Cheney can be understood as a prototype of both the former Bush official and the American oilman. Sixty years ago, American oilmen were the vanguard of a more liberal internationalism. Faced with a British monopoly in the Middle East, they advocated the breakup of the colonial empires. But once American firms won the upper hand in the 1950s, oilmen became the voice in Iran and elsewhere for the most conservative--and misguided--strands in American foreign policy. They still are, and in the late 1990s, Cheney was their principal foreign-policy spokesman. Just as Congressman Cheney had once opposed the use of sanctions against South African apartheid, CEO Cheney opposed the use of sanctions against governments in oil-rich Iraq, Iran, Azerbaijan, Nigeria, and Myanmar (Burma).
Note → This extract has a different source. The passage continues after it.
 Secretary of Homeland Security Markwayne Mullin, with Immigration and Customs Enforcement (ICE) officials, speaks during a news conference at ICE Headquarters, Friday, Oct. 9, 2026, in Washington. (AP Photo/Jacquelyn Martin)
Speaking for the American Petroleum Institute, Cheney attacked the administration's sanctions policy for its "failure at federal level to recognize the strategic asset of the oil and gas business."
Cheney and other oilmen that belong to the Bush circle were also at the forefront in opposing a new global warming treaty. The treaty itself is certainly flawed, but the oilmen oppose the very idea of international environmental regulation. In 1996 Cheney led a group of 54 oil executives in attacking the treaty because it advocated "the forced reduction of fossil fuel use." Why else have a treaty?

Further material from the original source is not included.